- Data extracts
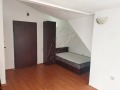 Продава 1-СТАЕН, гр. Бургас, Център, снимка 3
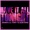 Johan K Feat. Tony T + Alba Kras - Have It All Tonight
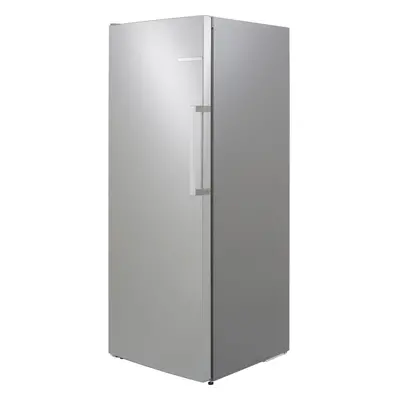 Bosch Serie KSV36VLEP Fridge - Stainless Steel Effect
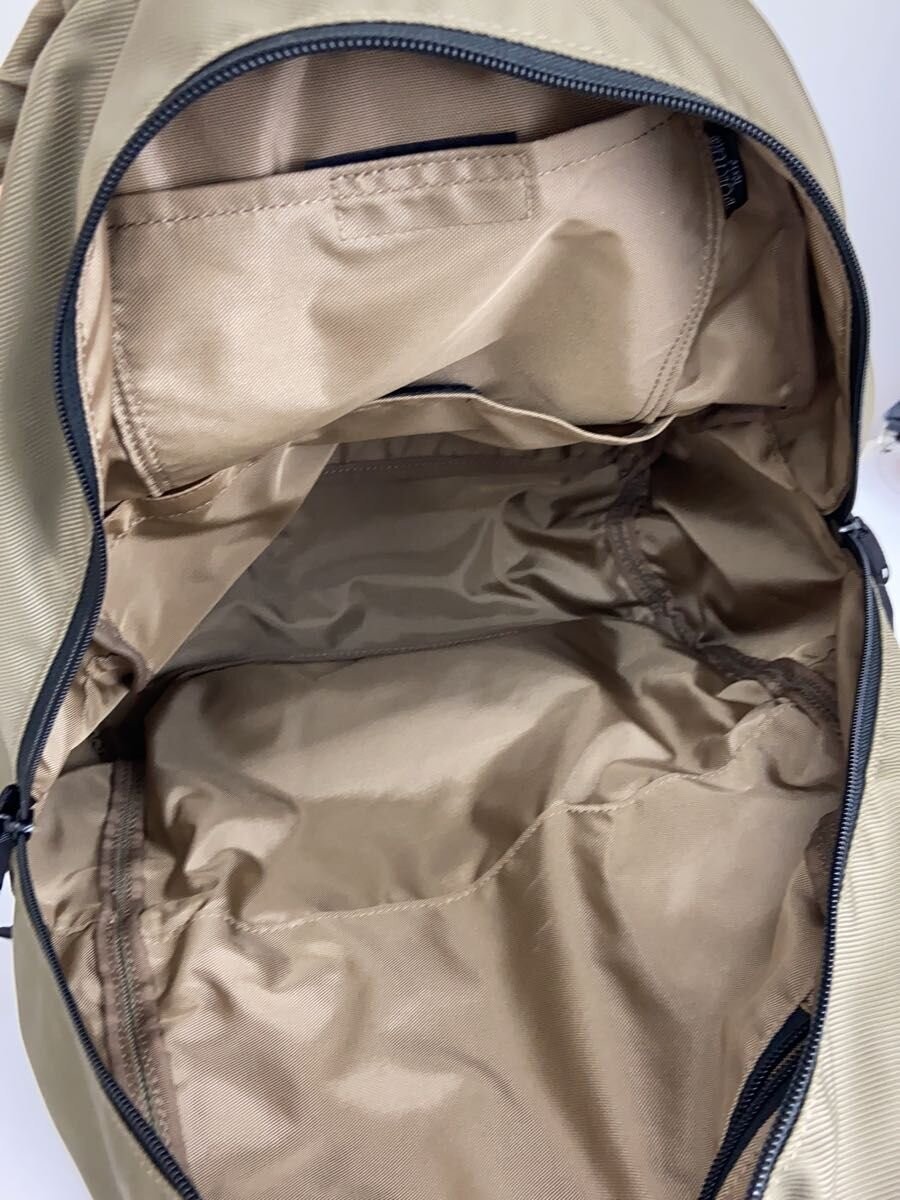 PORTER Backpack KHK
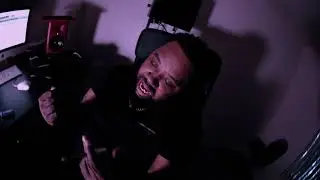 Big Rizz - beat box remix ( Official Music Video)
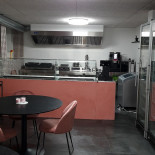 Pancake House Inde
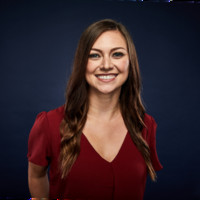 Ashley Binz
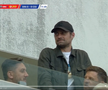 3 ocazii uriașe pentru Dinamo cu Csikszereda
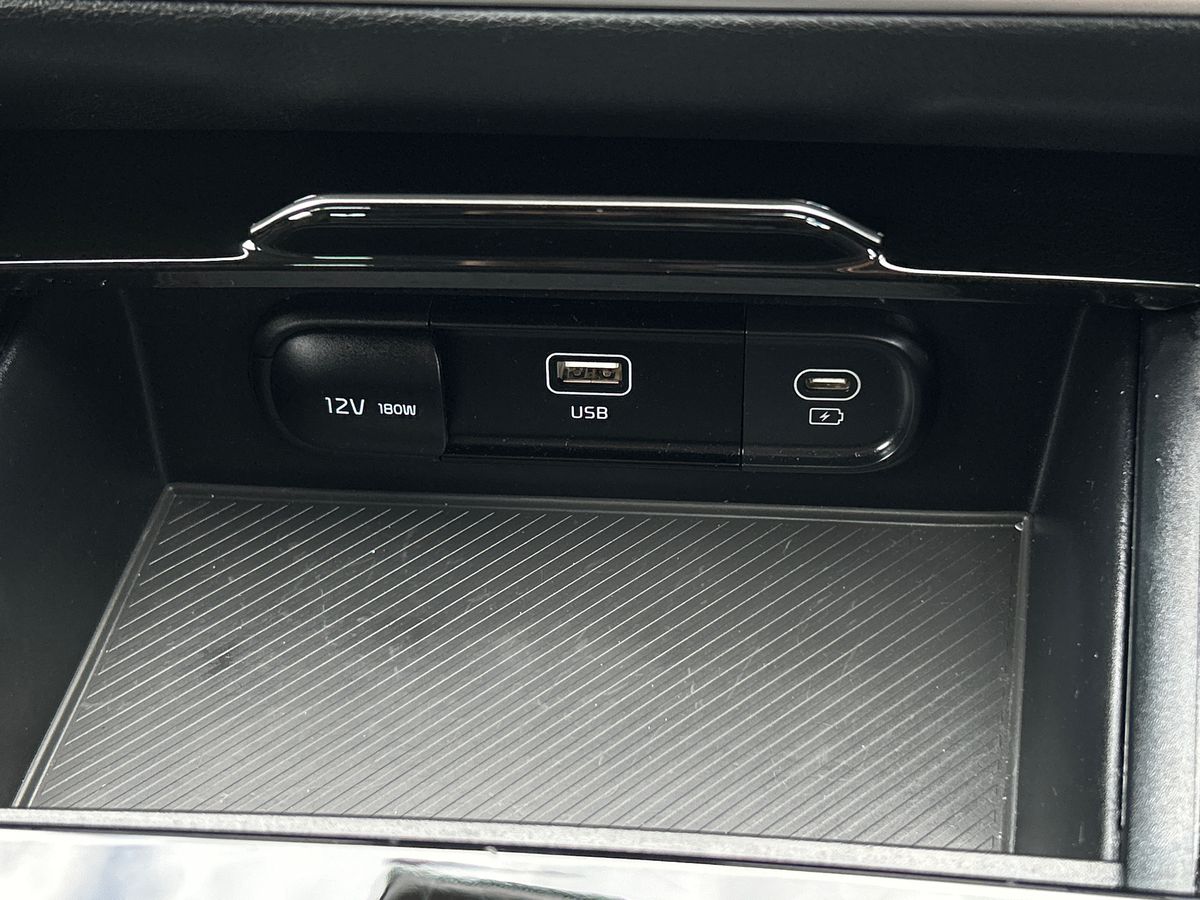 Vehicle 42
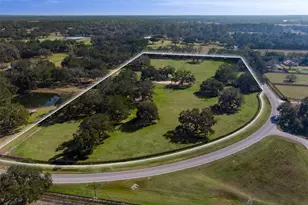 Tbd NW 110th Ave, Ocala, FL 34482 - Photo 1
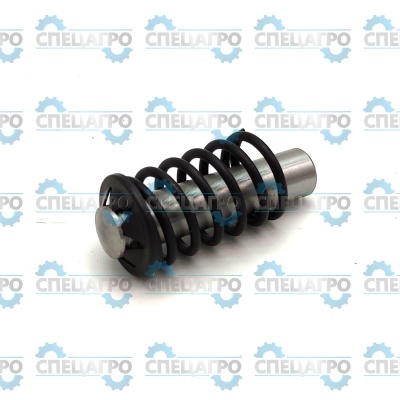 Поршень насоса HP2130,6160 комплект 55х12 см.HP6160-61 Champion HP2130-40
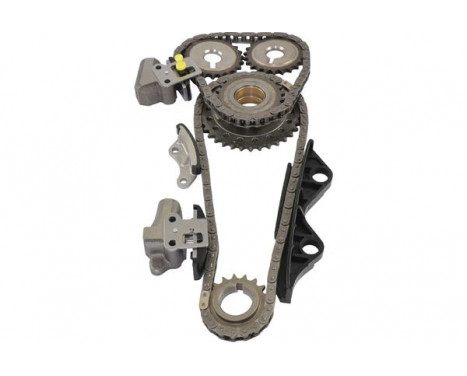 Timing Chain Kit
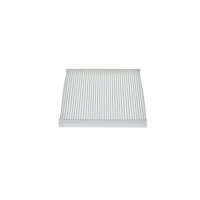 BOSCH 1 987 432 224 Filter, Innenraumluft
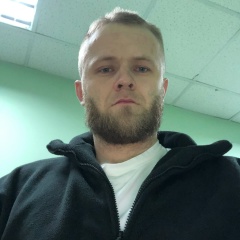 Евгений Ст, 29.11, Новосибирск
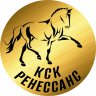 КСК Ренессанс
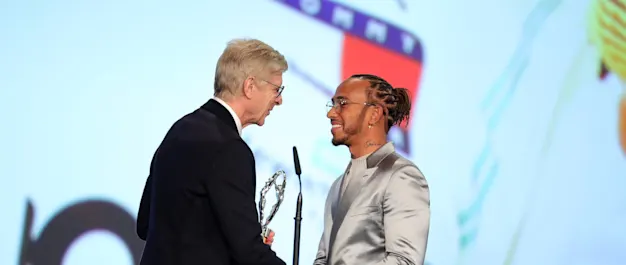 NewsImport: Mobile: MQ7-0-image-20200218121136-Show-2020-Laureus-World-Sports-Awards-Berlin_m33415_4252.jpg
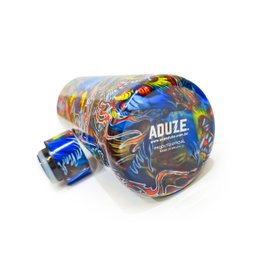 Garrafa Térmica Aduze Supreme Dragon 450ml - 3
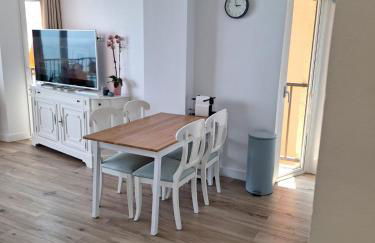 PASEO MARITIMO - Photo 39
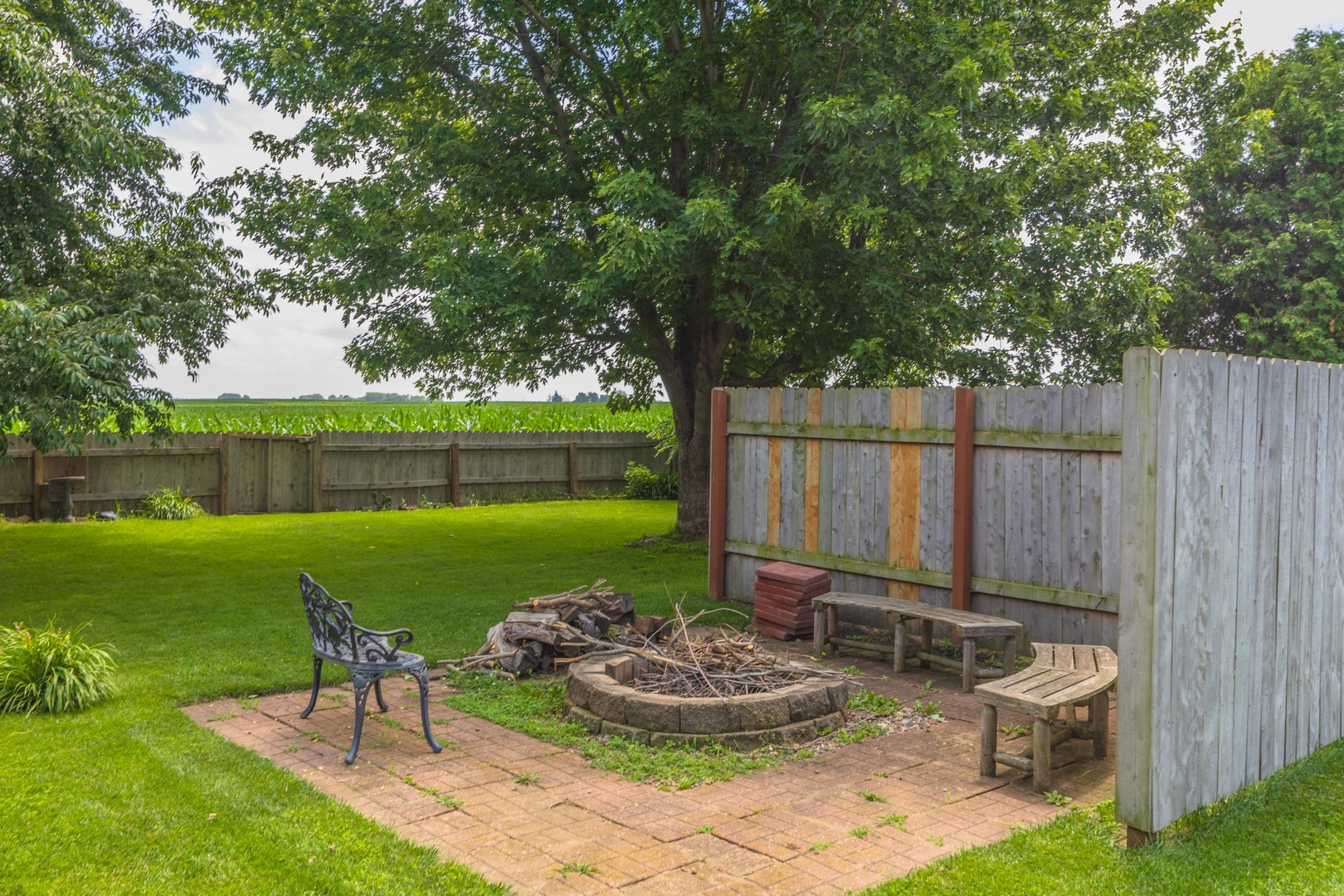 709 Platt Way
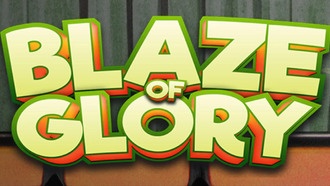 Гайд по событию Blaze of Glory в Black Ops 6 и Warzone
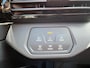 Volkswagen ID.4 Pro Performance 77 kWh | Led Matrix | 204Pk | A-Camera | Discover Pro | Trekhaak |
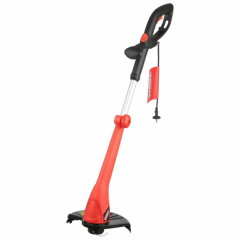 Триммер для газона Hammer ETR450 (q)
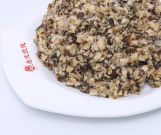 老茂炒菜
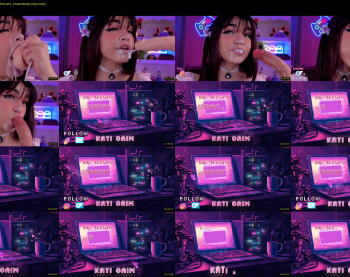 kati_01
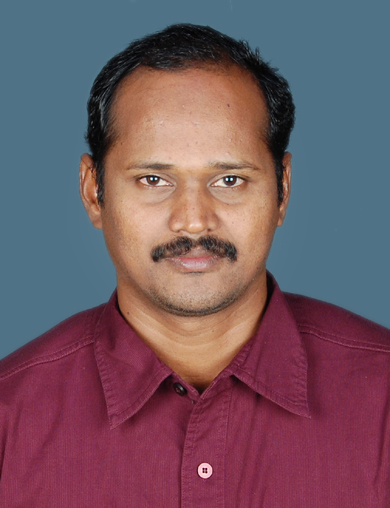 Faculty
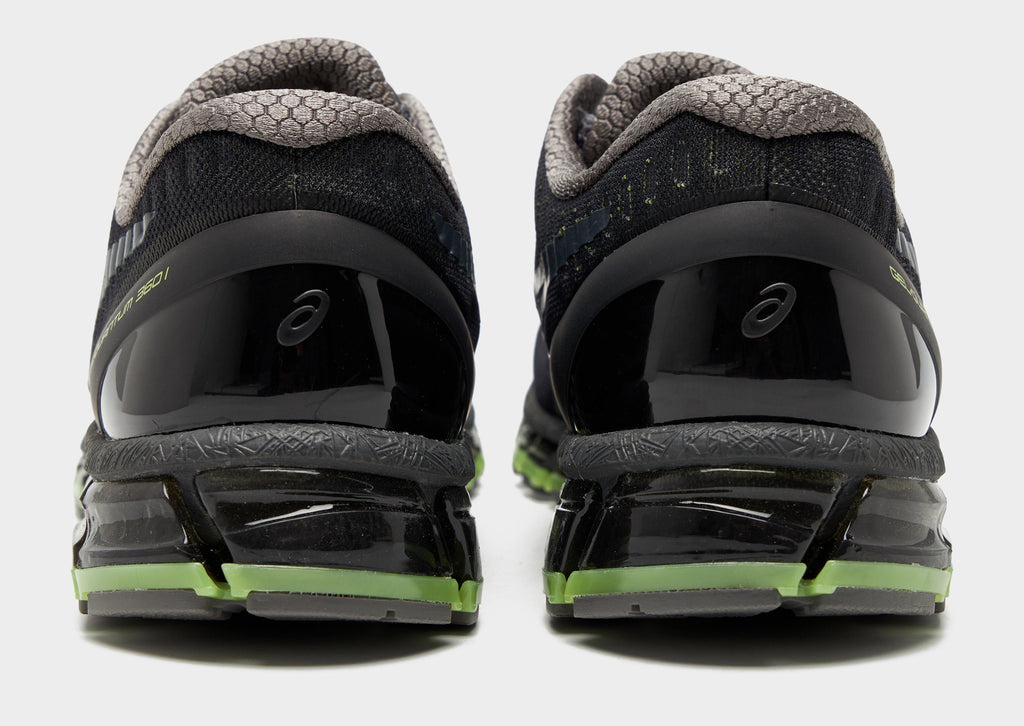 Gel Quantum 360 1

- Activity
Your answer must be an exact copy of every entry, with the pictures left out.

- Reply
 Продава 1-СТАЕН, гр. Бургас, Център, снимка 3
 Johan K Feat. Tony T + Alba Kras - Have It All Tonight
 Bosch Serie KSV36VLEP Fridge - Stainless Steel Effect
 PORTER Backpack KHK
 Big Rizz - beat box remix ( Official Music Video)
 Pancake House Inde
 Ashley Binz
 3 ocazii uriașe pentru Dinamo cu Csikszereda
 Vehicle 42
 Tbd NW 110th Ave, Ocala, FL 34482 - Photo 1
 Поршень насоса HP2130,6160 комплект 55х12 см.HP6160-61 Champion HP2130-40
 Timing Chain Kit
 BOSCH 1 987 432 224 Filter, Innenraumluft
 Евгений Ст, 29.11, Новосибирск
 КСК Ренессанс
 NewsImport: Mobile: MQ7-0-image-20200218121136-Show-2020-Laureus-World-Sports-Awards-Berlin_m33415_4252.jpg
 Garrafa Térmica Aduze Supreme Dragon 450ml - 3
 PASEO MARITIMO - Photo 39
 709 Platt Way
 Гайд по событию Blaze of Glory в Black Ops 6 и Warzone
 Volkswagen ID.4 Pro Performance 77 kWh | Led Matrix | 204Pk | A-Camera | Discover Pro | Trekhaak |
 Триммер для газона Hammer ETR450 (q)
 老茂炒菜
 kati_01
 Faculty
 Gel Quantum 360 1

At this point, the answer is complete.